If this season feels a little like that to you, you are not alone. In the face of the world’s shiny, glittery joy, the sadness we carry — however it arrived — stands in stark contrast.
And there are many of us who carry sadness this season.
In fact, such is the human condition, and not just for those of us waiting for Christmas in 2009. This was something the Hebrew people knew for sure when they listened to the dire warnings and threats of judgment that came from the prophet Zephaniah. To hear him talk, the people carried a great weight of sadness and regret, and they couldn’t do anything more than walk in utter fear and dread about what was about to happen to them.
The worst thing of all was that they felt cut off — all alone, separated from Yahweh, the God who had carried them like a child and nurtured them through years of uncertainty. They knew that God seemed absent; they knew life was especially hard; and they did not know in any way what the future held.
Pure, unadulterated fear was the subtext of their lives; they feared God’s absence; they feared their own loss; they feared a future they could not imagine.
And it did get bad for them. For 70 years they lived in exile in Babylon, longing for Jerusalem, desperate for home, missing what felt like God’s presence and approval. Can you imagine how sad their holidays were?
Somehow they managed, though.
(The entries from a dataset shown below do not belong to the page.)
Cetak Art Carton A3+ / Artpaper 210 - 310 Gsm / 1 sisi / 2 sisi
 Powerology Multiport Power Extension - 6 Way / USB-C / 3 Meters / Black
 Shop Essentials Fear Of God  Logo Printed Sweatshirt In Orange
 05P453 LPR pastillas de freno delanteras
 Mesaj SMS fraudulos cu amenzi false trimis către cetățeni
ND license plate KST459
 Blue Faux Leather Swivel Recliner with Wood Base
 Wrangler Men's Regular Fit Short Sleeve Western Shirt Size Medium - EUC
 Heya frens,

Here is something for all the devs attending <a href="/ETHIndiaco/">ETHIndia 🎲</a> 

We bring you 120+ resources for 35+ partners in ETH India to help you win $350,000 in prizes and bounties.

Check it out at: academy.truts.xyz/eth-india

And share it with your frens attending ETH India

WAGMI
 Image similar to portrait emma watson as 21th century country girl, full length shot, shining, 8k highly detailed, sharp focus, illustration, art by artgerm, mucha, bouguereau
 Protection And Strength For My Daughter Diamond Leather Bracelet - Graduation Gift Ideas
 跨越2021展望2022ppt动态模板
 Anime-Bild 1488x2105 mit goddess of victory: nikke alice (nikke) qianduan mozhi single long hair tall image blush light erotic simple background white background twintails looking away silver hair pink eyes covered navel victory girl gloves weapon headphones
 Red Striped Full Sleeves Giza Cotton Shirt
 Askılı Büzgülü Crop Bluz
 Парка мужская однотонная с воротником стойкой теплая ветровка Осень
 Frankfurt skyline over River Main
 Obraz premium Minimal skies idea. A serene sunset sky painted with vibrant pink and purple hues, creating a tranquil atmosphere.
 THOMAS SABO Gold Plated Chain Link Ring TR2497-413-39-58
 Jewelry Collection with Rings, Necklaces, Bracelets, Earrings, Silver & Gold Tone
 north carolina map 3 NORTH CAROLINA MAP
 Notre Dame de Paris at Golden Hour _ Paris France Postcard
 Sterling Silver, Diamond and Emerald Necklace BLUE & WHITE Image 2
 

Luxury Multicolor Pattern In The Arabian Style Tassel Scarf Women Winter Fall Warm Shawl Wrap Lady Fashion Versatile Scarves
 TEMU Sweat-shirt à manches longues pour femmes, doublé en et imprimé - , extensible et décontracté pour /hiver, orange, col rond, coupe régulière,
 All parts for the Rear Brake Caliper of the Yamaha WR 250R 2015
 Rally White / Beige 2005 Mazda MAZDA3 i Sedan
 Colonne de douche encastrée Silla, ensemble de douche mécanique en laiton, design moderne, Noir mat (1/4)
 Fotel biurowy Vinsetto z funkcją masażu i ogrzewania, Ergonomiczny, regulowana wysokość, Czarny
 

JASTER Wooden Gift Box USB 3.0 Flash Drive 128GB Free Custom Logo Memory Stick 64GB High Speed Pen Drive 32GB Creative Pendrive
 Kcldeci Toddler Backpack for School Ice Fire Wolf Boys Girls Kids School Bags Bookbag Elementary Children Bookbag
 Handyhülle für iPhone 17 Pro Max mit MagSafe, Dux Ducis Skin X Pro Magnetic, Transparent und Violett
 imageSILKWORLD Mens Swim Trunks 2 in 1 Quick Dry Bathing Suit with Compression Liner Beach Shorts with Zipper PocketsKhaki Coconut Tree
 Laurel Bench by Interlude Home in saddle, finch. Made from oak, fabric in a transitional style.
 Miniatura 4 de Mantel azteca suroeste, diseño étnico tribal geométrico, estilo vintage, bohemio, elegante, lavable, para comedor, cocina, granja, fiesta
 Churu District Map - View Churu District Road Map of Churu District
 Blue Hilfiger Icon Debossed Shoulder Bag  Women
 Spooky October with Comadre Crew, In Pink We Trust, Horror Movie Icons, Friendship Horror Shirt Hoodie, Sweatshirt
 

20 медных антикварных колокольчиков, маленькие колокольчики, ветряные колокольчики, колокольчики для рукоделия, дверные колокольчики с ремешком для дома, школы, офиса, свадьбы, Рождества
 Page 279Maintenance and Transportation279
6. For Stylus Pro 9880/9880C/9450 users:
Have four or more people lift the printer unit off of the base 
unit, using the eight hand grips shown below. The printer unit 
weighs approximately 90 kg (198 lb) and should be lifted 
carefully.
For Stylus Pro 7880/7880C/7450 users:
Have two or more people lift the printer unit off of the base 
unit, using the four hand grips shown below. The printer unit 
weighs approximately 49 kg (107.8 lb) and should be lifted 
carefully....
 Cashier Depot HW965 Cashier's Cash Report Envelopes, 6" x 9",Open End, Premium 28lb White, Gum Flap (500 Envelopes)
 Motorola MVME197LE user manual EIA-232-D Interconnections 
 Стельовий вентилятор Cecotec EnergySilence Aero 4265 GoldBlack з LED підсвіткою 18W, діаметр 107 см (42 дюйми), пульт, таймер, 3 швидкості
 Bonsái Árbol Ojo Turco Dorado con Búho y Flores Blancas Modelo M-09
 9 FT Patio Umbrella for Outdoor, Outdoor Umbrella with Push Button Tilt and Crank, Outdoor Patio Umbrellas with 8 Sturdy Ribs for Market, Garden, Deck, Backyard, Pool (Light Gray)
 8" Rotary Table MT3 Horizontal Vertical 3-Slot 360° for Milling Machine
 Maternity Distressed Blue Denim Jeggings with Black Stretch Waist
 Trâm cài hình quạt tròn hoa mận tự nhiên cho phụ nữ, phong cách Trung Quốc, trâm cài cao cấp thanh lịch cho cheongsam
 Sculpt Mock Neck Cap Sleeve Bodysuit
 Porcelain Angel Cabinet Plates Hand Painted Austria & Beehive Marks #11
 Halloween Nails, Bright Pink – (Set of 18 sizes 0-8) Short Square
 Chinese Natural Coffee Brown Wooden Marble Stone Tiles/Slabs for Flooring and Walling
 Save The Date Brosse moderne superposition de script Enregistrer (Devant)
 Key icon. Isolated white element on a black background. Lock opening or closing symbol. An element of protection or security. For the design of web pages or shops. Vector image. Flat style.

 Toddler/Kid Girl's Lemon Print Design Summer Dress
They looked around at each other, and in the fear and the seeming absence of God, they dared to utter hope and promise and faith to one another. Through their tears they comforted each other — not with empty platitudes or shallow assurances, but with shared experience and with the memory of a God who promised never to leave. It was hard to remember God’s love and presence in the middle of the pain, but there were moments — flashes of memory and hope — when the present circumstances didn’t seem to overrun the hope of a better future. And when those flashes of promise came, they reminded each other. And they kept reminding each other — for all the moments when they couldn’t believe, when the tears were coming too fast and the pain seemed to make it wholly impossible to breathe at all.
Yet curiously enough, a few verses from the very end of Zephaniah have a decidedly different tone than the first part of the book. Take a look.
Nobody knows for sure when this passage was added to the book of Zephaniah — it could very well have been added after the 70 years of exile were over and the people were looking back on their pain and grief. But it could also have been the work of a prophet reminding his community of the eternal promise of God. When they couldn’t see the hope; when they couldn’t see the other side of the pain; when they felt so far away from home they knew they would never find their way back … perhaps that was when the prophet gave them these words of hope, words they could hang onto for just a little longer, words to help them breathe through the pain and uncertainty, words to remind them that God was there all along.
And now, we hear these words of Zephaniah and repeat them to each other.
Do not fear … do not let your hands grow weak. Remember that the LORD, your God, is in your midst. God will bring you home. God will gather you in. God will restore your fortunes. Be reminded; remind each other. Thanks be to God. Amen.